Ele atribui, em seus escritos, uma importância à Ásia e à África que não era generalizada dentre os doutrinadores de seu tempo, chamando atenção para a influência das relações políticas, jurídicas e comerciais com esses continentes para a estruturação do Direito das Nações. Ao fazê-lo, contesta a tese segundo a qual o Direito Internacional era um produto formulado exclusivamente pelas nações cristãs europeias. É louvável a dedicação do autor em catalogar extensa documentação sobre a participação ativa dessas regiões para compor sua tese central de como o Direito das Nações influenciou o desenvolvimento do DIP. A reelaboração da historiografia do DIP com a retomada de narrativas silenciadas e de agências de povos asiáticos e africanos é um aspecto positivo da obra de Alexandrowicz, pois pavimentou vias para posteriores articulações contrárias ao eurocentrismo.

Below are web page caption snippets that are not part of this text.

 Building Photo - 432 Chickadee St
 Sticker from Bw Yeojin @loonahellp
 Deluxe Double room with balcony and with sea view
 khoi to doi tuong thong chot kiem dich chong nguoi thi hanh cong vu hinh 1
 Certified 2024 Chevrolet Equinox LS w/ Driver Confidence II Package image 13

Isso demonstra que Alexandrowicz já se preocupava com temas que viriam a ser estudados posteriormente com base em abordagens que emergiram depois de sua época, as TWAIL, que defendem a necessidade de reconstrução e análise do DIP com a desmistificação do universalismo unilateral da disciplina e da denúncia ao monopólio epistêmico da Europa na constituição e na aplicação de um ramo do Direito que se autodenomina e se pretende internacional. As análises atuais não eurocentradas e não coloniais do DIP são corolários das vertentes terceiro-mundistas propagadas na Conferência de Bandung, em 1955, e de algum modo dialogam com as epistemologias ante, pós e decoloniais, com destaque para os estudos subalternos que afloraram na Índia, país que, não coincidentemente, influenciou o amadurecimento teórico do autor. Esses estudos críticos congregam outras narrativas e geografias que foram subalternizadas pelo empreendimento imperial e evidenciam as contribuições que “os condenados da terra” (FANON, 1963) outorgaram à história do Direito Internacional.

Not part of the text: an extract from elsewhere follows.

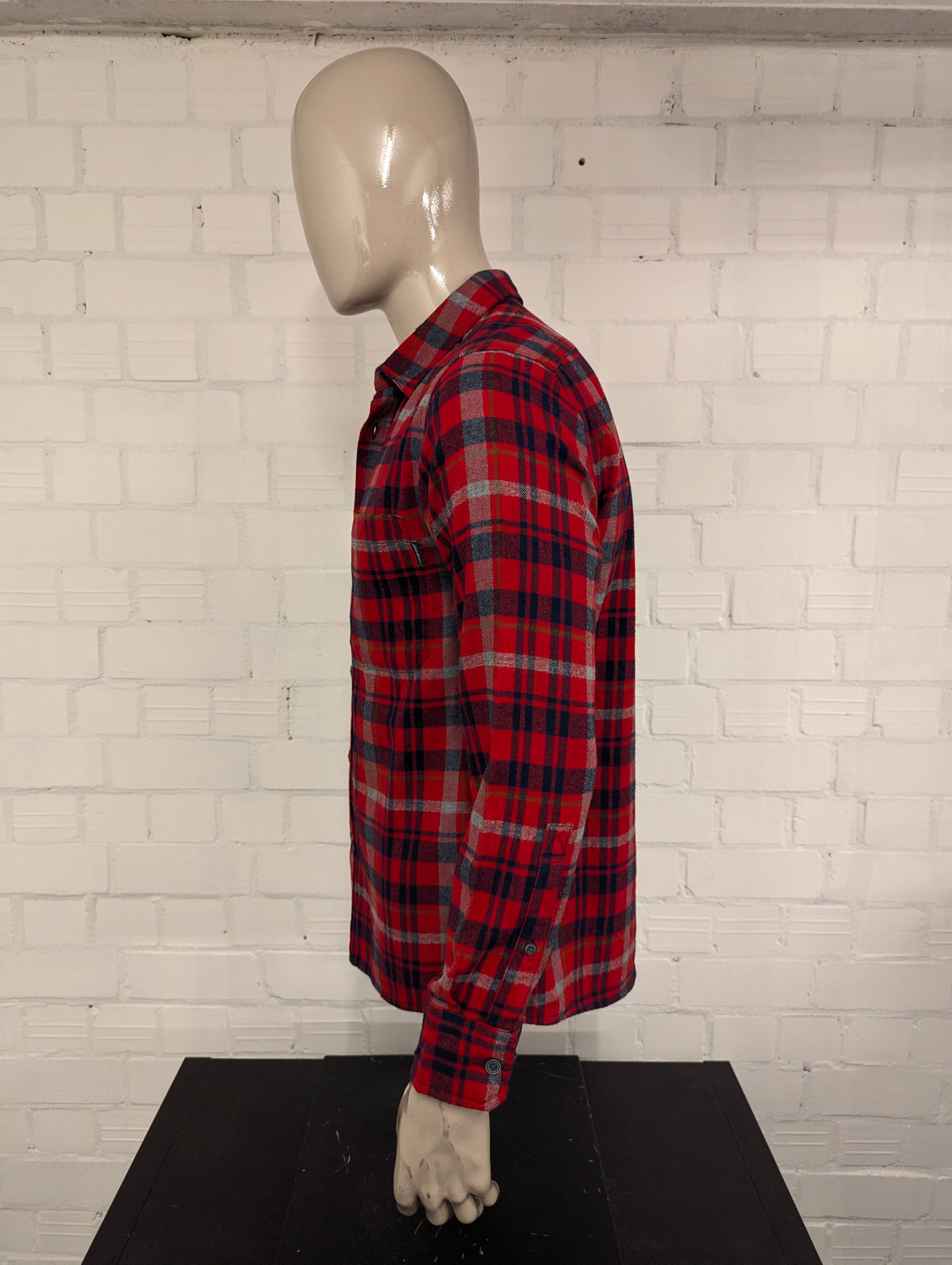 Eddie Bauer Flanellen overhemd. Rood Grijs Zwart geruit. Maat M.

De fato, o colonialismo e o imperialismo formaram o alicerce do DIP. Em vista disso, a omissão de atores e eventos históricos importantes na estruturação do campo serve diretamente aos interesses dos antigos Estados metropolitanos de perpetuação da exploração dos países do Sul Global. Violências do passado, como aquelas que permearam a colonização da América, são, na historiografia mainstream, propositalmente afastadas do cerne do desenvolvimento do Direito Internacional, como se periféricas à sua criação, quando na verdade compõem característica essencial do sistema. Dessa forma, a ontologia do DIP está intrinsecamente conectada ao imperialismo europeu (ANGHIE, 2015).

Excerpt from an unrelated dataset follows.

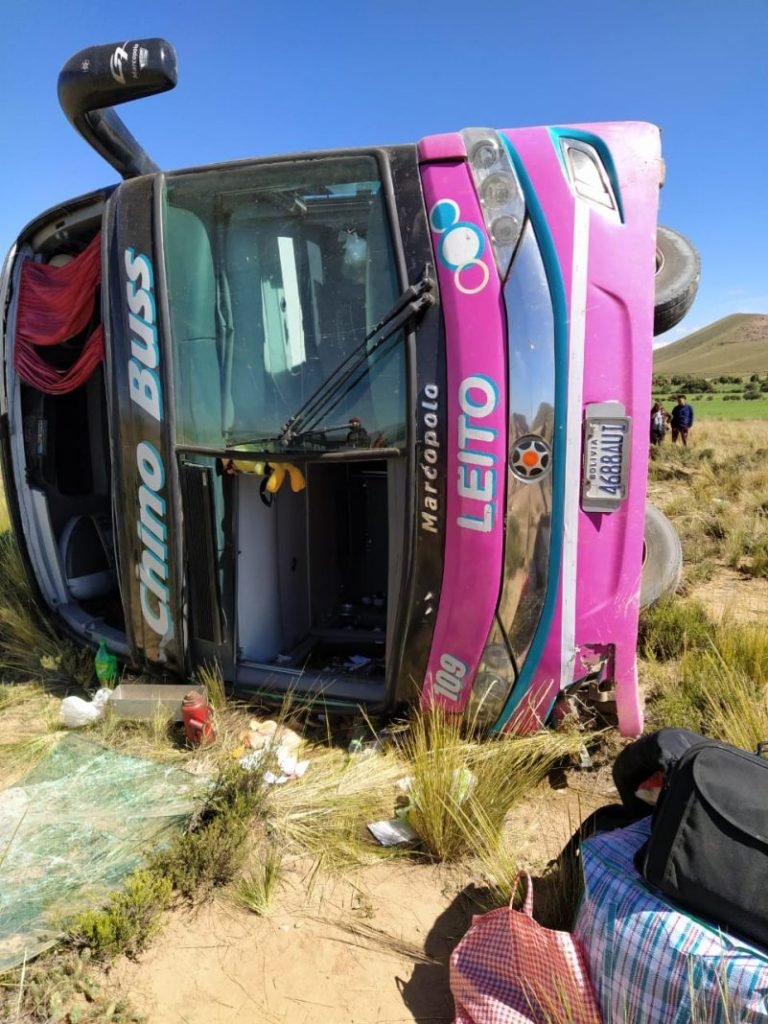 Bus que llegó a Oruro volcó dejando varios heridos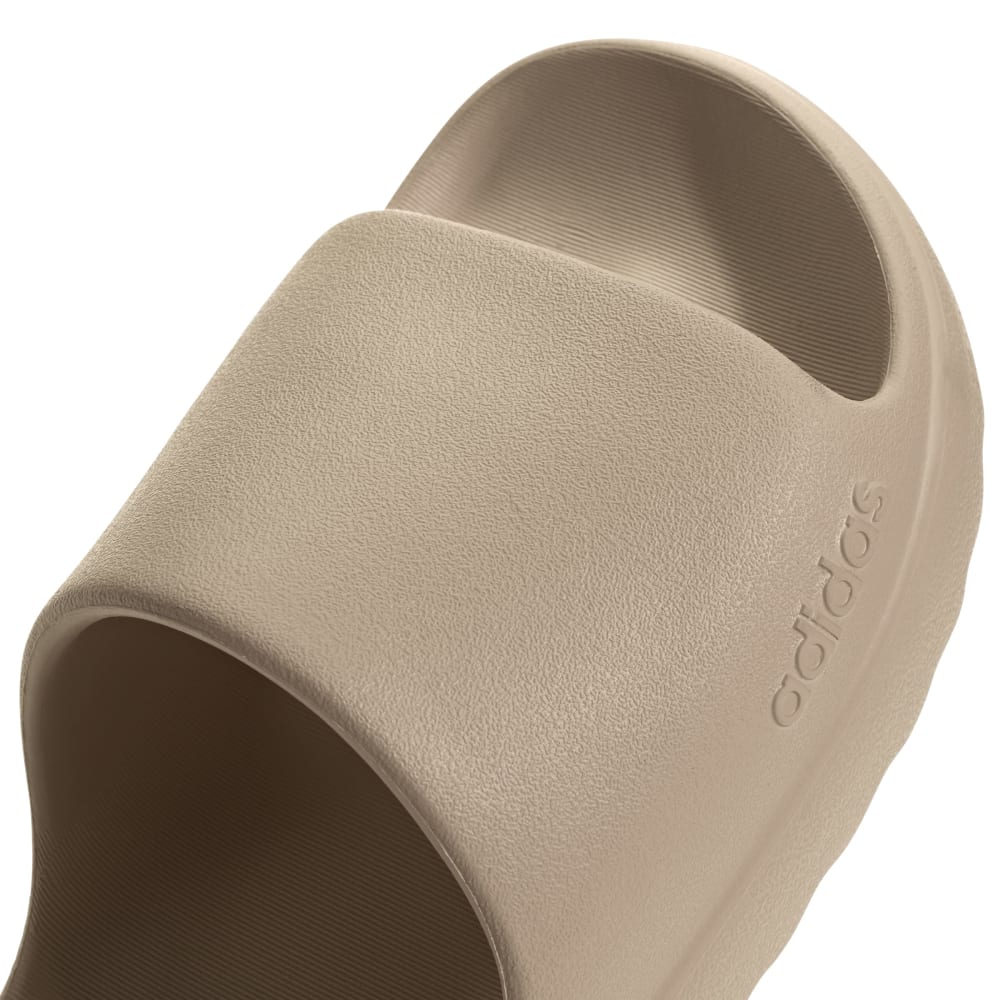 ADILETTE LUMIA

Os críticos da matéria, no entanto, não pretendem uma condenação geral de seus princípios; ao contrário, sustentam que dissipar as ilusões em torno dela é essencial para estabelecer uma ordem mundial mais justa (CHIMNI, 2006), e uma dessas ilusões é que o DIP teria se construído exclusivamente por fatores internos europeus, como a Paz de Vestfália. Tal ideia é ainda amplamente reproduzida na doutrina chamada clássica e replicada nas instituições universitárias do mundo todo, já que se encontra inculcada nos membros da academia (KOSKENNIEMI, 2011). Portanto, a preocupação que Alexandrowicz demonstrou em suas obras continua atual, visto que segue em andamento a tarefa de questionar versões do passado com o recurso aos saberes não ocidentais para reescrever a gramática do DIP, tornando-a mais legítima.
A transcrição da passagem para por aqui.